Voilà déjà une dizaine de jours que j’ai terminé Mariana. Je l’ai tellement aimé que j’aurais pu m’y replonger sitôt la dernière page tournée. Comme je l’ai déjà mentionné dans mon billet précédent, l’intrigue se place autour de Mary, notre personnage principal. Nous faisons sa connaissance alors qu’elle n’est qu’une enfant vivant à Londres avec sa mère et son oncle, et dont les pensées restent occupées en permanence par l’idée de retourner passer ses vacances dans la maison de campagne familiale, en compagnie de ses cousins. Pour Mary, Charbury est une sorte de paradis où une énergie nouvelle s’empare d’elle, stimulée par la beauté de la nature ainsi que la perspective de prendre part aux prochaines extravagances de son cousin Denys dont elle est secrètement amoureuse.

Les années passent, et si dans un premier temps beaucoup des évènements que nous vivons avec Mary se déroulent à la campagne, c’est moins le cas ensuite, où nous suivons notre héroïne à Londres ou ailleurs. La nostalgie de l’enfance prend peu à peu place dans le coeur de Mary, et j’ai à ce titre beaucoup aimé la scène à la fin du roman qui dépeint assez bien le décalage entre l’idée que l’on se fait des choses lorsque l’on n’est qu’un enfant et celle que l’on a une fois adulte. Chacun des passages relatés par Monica Dickens témoignent à merveille de l’évolution physique et psychologique de son héroïne, des étapes et moments charnières de son apprentissage d’abord de jeune fille, puis de jeune femme.
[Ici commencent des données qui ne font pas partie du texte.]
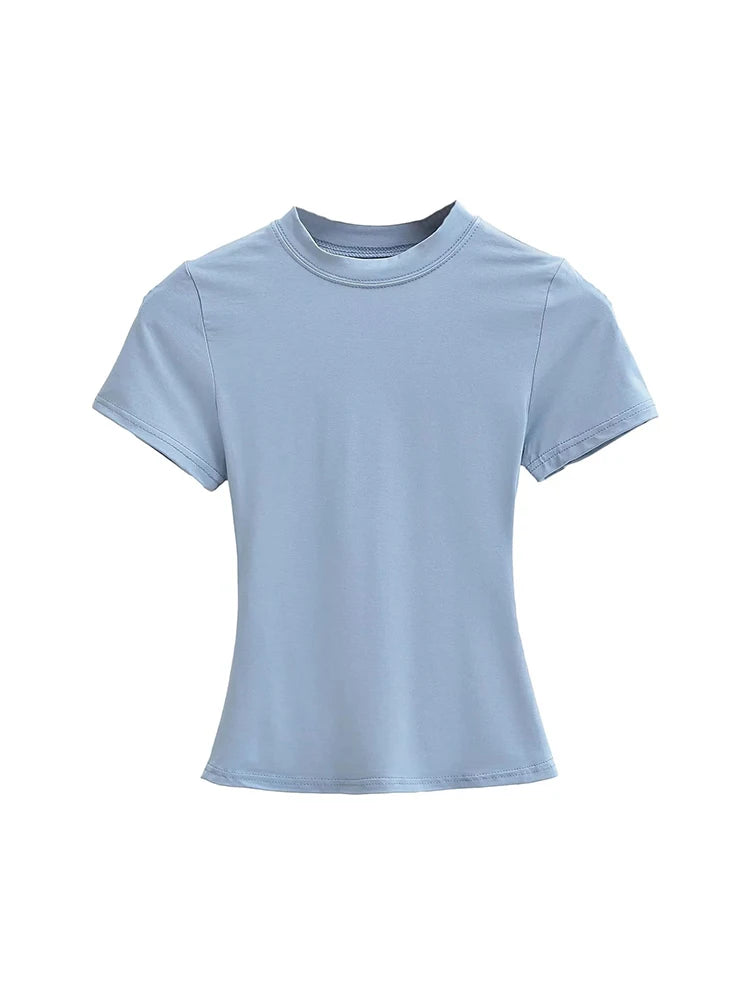 2024 New High Quality Casual T shirt Sexy Slim Short Sleeves Fashion Trend Solid Women Clothing y2k Tops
Ainsi, nous vivons en même temps qu’elle ses premiers émois amoureux, les premières déceptions qui suivront, ses questionnements quant à son éducation et son choix d’entrer dans une école d’art dramatique pour finalement se retrouver à Paris, lieu d’autres découvertes, de liberté et d’autres leçons qui l’aideront à découvrir qui elle est et qui elle souhaite devenir.
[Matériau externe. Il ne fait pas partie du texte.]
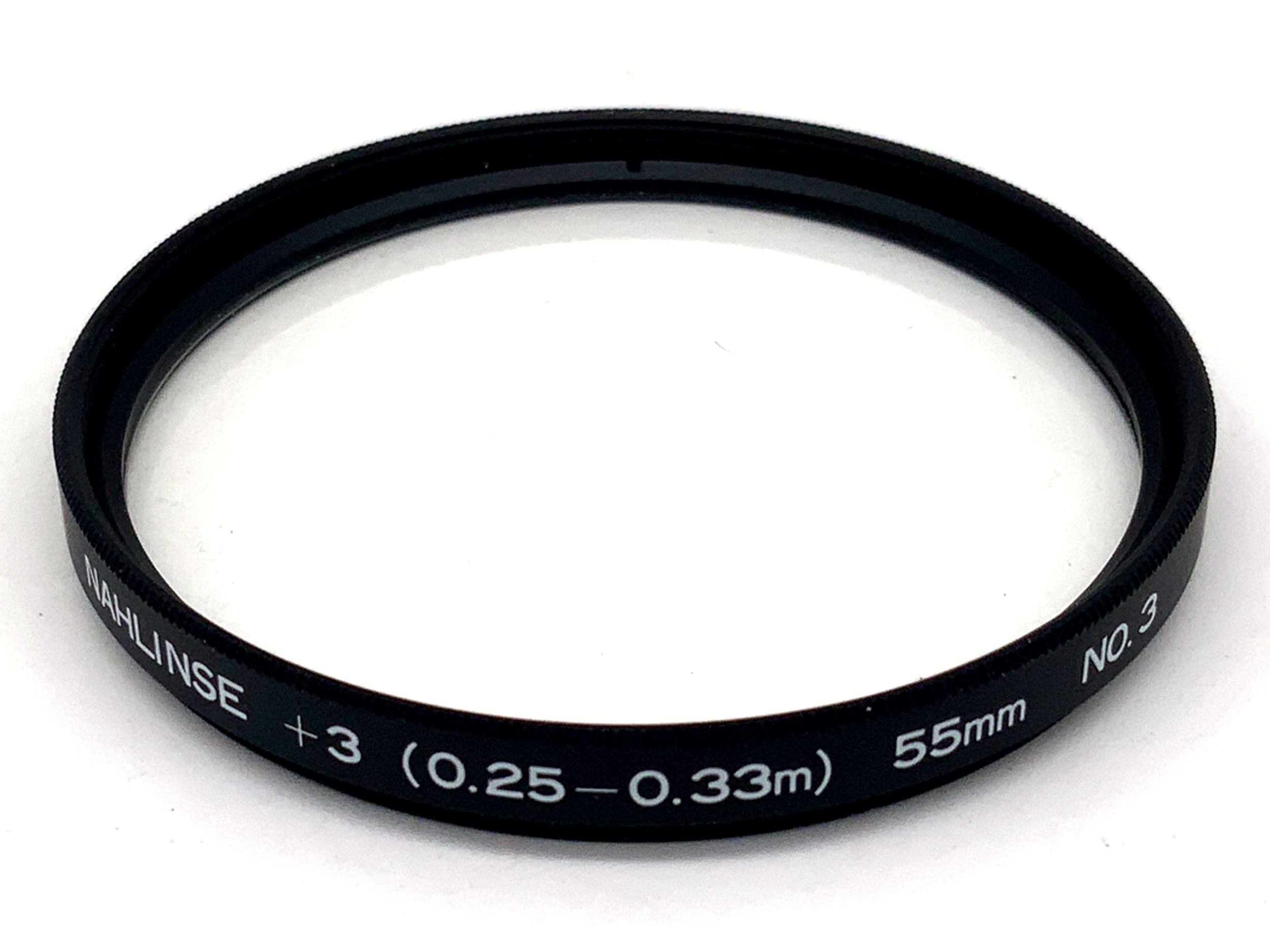 Close-up lens +3 (0.25-0.33m) NO.3 filter 55mm circular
“All one could do was to get on with the one job that nobody else could do,

the job of being oneself” (p.295)

Mary est un personnage particulièrement humain dans ses réactions, ses questionnements, son insouciance, dans sa passivité parfois également, tout comme dans sa spontanéité si rafraîchissante. Elle n’a rien d’extraordinaire, et pourtant elle est unique, comme la plupart d’entre nous. Le roman ne manque pas d’humour, et il est souvent coloré par des personnages secondaires plutôt bien croqués. Je pense bien entendu à l’oncle Geoffrey qui partage son temps entre des siestes prolongées, des extravagances nocturnes et son métier d’acteur. La scène où il emmène Mary pour dîner est une de mes favorites, pour la complicité que tous deux partagent, mais aussi pour la scène qui la clôture. D’autres ressorts comiques jalonnent le roman, allégeant tour à tour le récit tout en lui donnant du rythme. Je pense par exemple à l’horrible professeur d’art dramatique, ou encore la cliente américaine de la mère de Mary dont les visites londoniennes ne manquent pas de faire sourire le lecteur (mais pas uniquement).
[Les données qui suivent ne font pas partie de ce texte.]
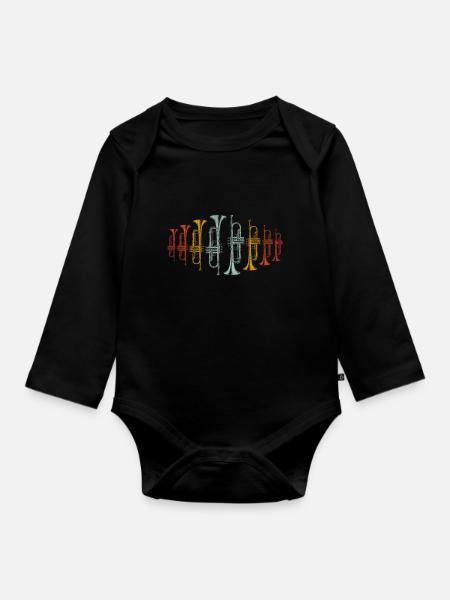 Trompete - Baby Bio-Langarm-Body - Schwarz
Mariana est un roman parfait pour cette période printanière, où l’amour de la nature, la nostalgie de l’enfance et le passage à l’âge adulte cohabitent en toute harmonie et participent ensemble à la construction d’un personnage délicieux qui restera à vos côtés longtemps, peu importe votre âge. Si vous lisez en anglais, ne vous en privez pas ! D’autant qu’il est édité par la merveilleuse maison d’édition Persephone dont chacune des publications est réalisée avec le plus grand soin. J’espère qu’il sera un jour traduit en français car il gagne vraiment à être connu.